The incentives of the loan which assured clients that the terms were favorable and they would be able to finance the loan later was one of the reasons that led to the success of the debt obligations systems. In addition this was also motivated by the rapid increase of the housing prices. The problem however arose when the prices for the houses fell down and lenders began calling for their loans. This led to the loanees being affected mainly because they consisted of the low income earners and people at high risk. (Reinert, 2005). This therefore made many people to default on payment of the loan. This contributed to big losses to the lenders and the investors who had bought the mortgages from the debt obligation systems. Eventually, lending institutions were forced to reduce their rate of crediting to the clients or they issued the loans at very high interest rates.

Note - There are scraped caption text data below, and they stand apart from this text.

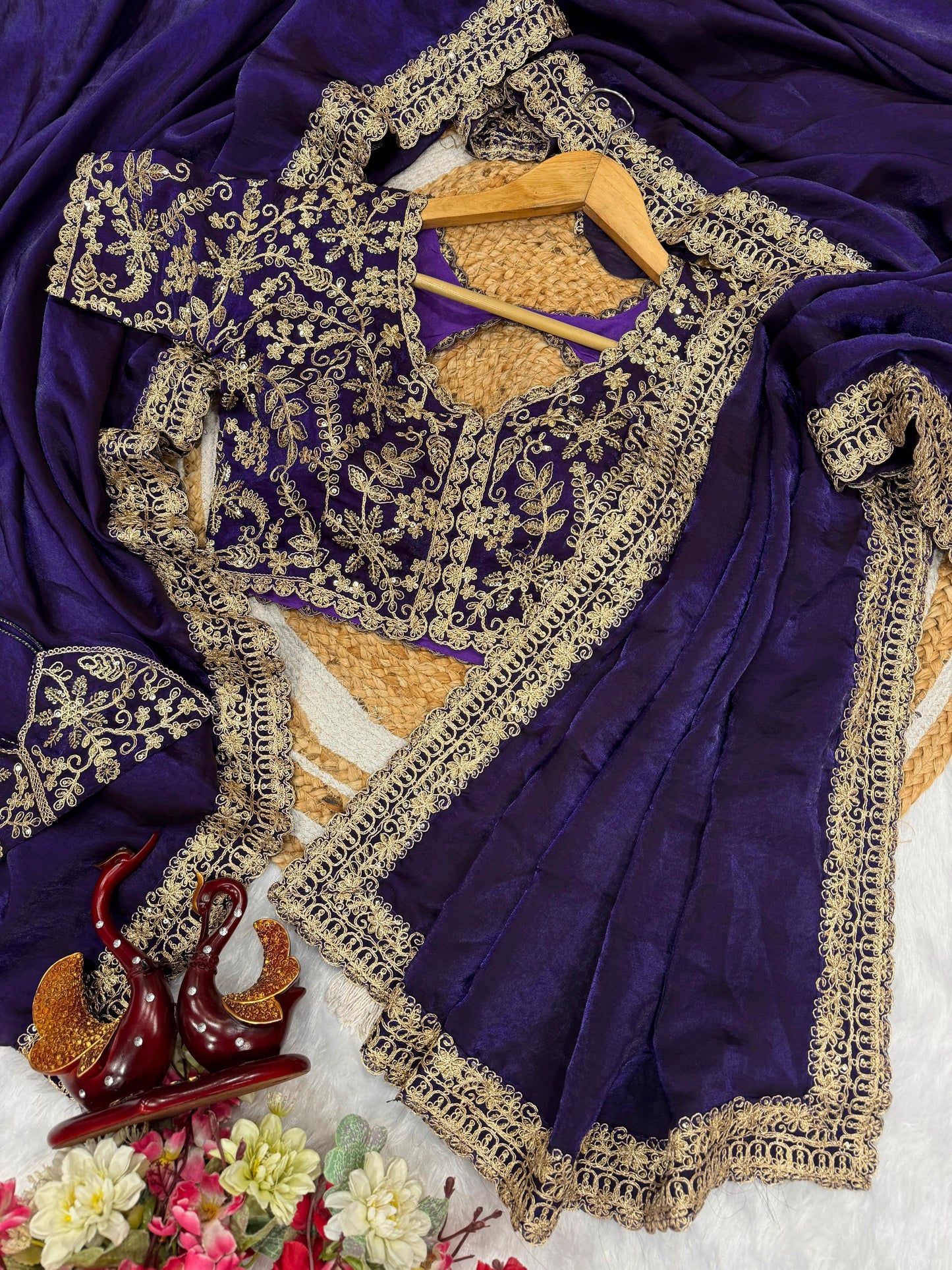 Pure Silk Embroidery Sequence Coding Work Saree with Blouse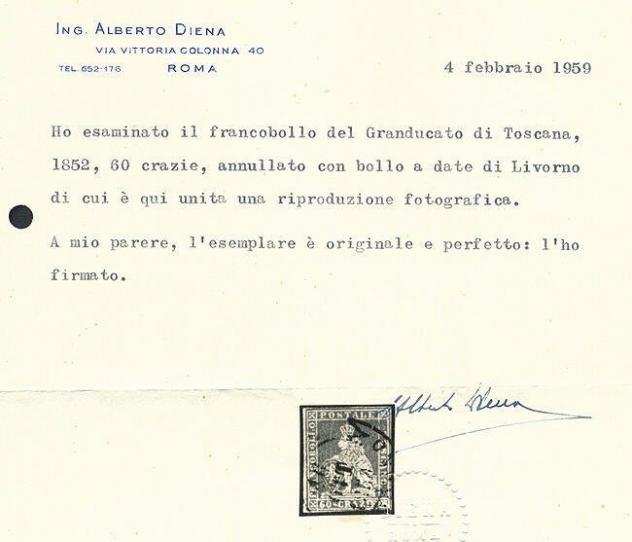 Antichi Stati italiani - Toscana 1851 - 60 crazie scarlatto cupo su grigio - Sassone N. 9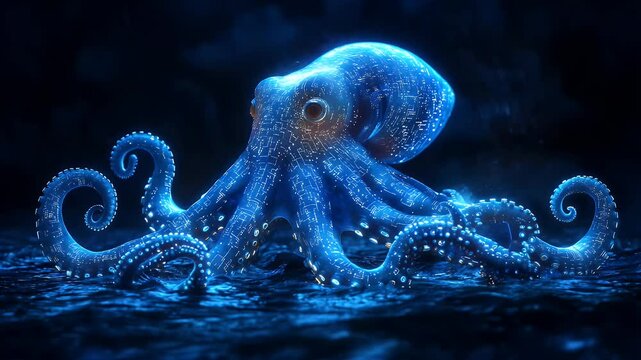 Glowing technological octopus
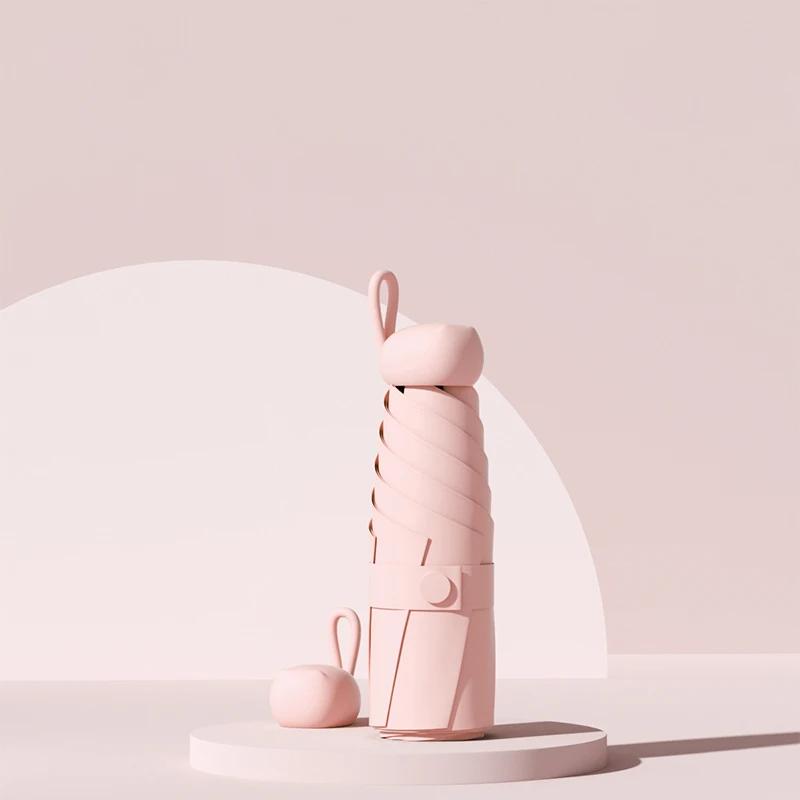 

Милый мини-зонт с защитой от ультрафиолета, карманный зонт от солнца для женщин, портативный дорожный зонтик, маленький 5 складной ветрозащитный зонт розовый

Consequently, this led to shortage of funds by individuals and other corporations resulting to a credit crunch.
The crisis in East Asia also started along similar lines where there were new opportunities for profit making mainly in the Asian Pacific markets. This led to great expansion of the credit market in order to cover for the new investments in actual constructions and in speculative activities. The speculation aspect led to many promises and optimism which led to more spending, over lending by the firms and outstretching the boundaries of a healthy risk market. In addition many of the East Asia lending firms were not banks but firms with good political connections therefore the availability of funds with low interest rate made them to lend money to speculative investors who wanted to make a killing by betting on the real estate market. It even became more vulnerable when the banks were allowed to take short term foreign debts after the liberalization of the capital accounts. (Reinert, 2005). Thereafter some of financial companies were forced to close their shops after they lost their confidence. In addition foreign lenders became reluctant to lend. This made the local currency to be floated and to loose its value. The efforts of the central banks to safeguard the value of the currency by raising the interest rate made the economy and the loans to become more oppressed. This is in contrast to the USA crisis where lending rates were raised as a result of loss of confidence on the ability of the borrower to repay the loan.

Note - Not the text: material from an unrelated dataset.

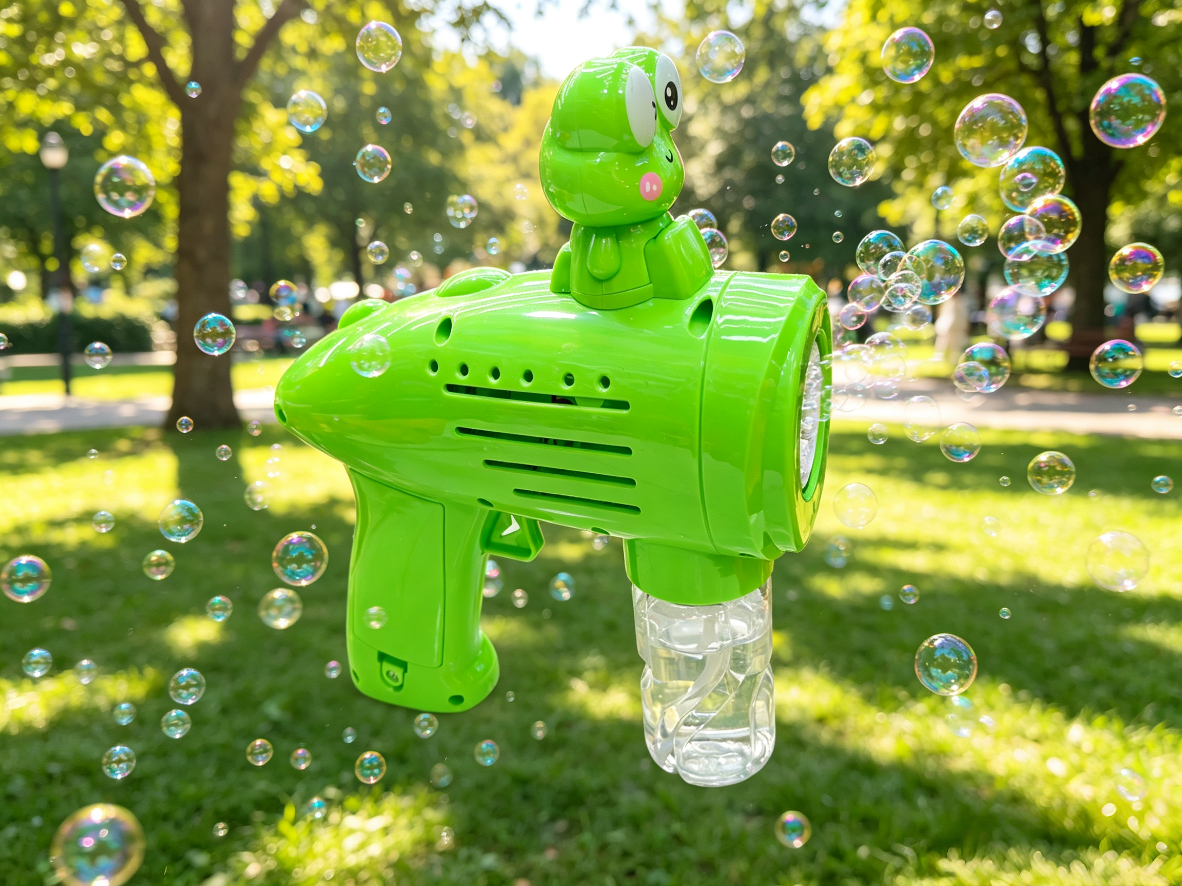 Cartoon frog electric bubble gun, children's fully automatic bubble blowing machine, summer outdoor internet-famous toy detail image 5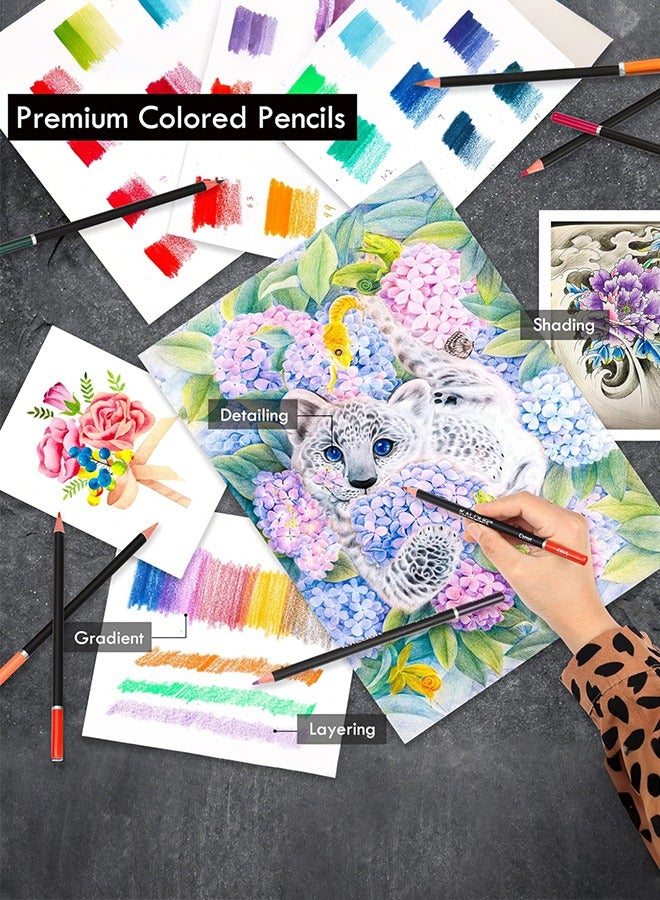 كالور مجموعة تلوين رسم مكونة من 144 قطعة من KALOUR، تتضمن 120 قلم رصاص ملون احترافي ناعم، وأقلام رسم وأقلام فحم،  ومستلزمات رسم فنية للفنانين البالغين والمبتدئين - Image 4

The crises were global ones because it affected the rest of the world equally. The slow rate of spending that was witnessed in America led to a subsequent slow demand and expansion for the American investments. This was the case both abroad and in the local market. This therefore affected the global markets that were dependent on America making the prices of the commodities to rise steadily globally. The prices of many food products rose steadily which made the value of the dollar to drop. (Reinert, 2005). The drop in the dollar value made other foreign currencies to appreciate against the dollar reducing the competition of the foreign countries. This was more particularly felt in the East Asia as the held the reserves for the foreign currencies mainly in dollars. This reduced the value of the reserves affecting the regions protection against any potential recession. In China, for example, 20% of the imports go to the USA while 54% go to the higher economies therefore the global recession had a toll on the world economy. The Indian firms were also affected as the companies in India began selling their investments to the Indian based firms in India in order to cover for the losses that they incurred.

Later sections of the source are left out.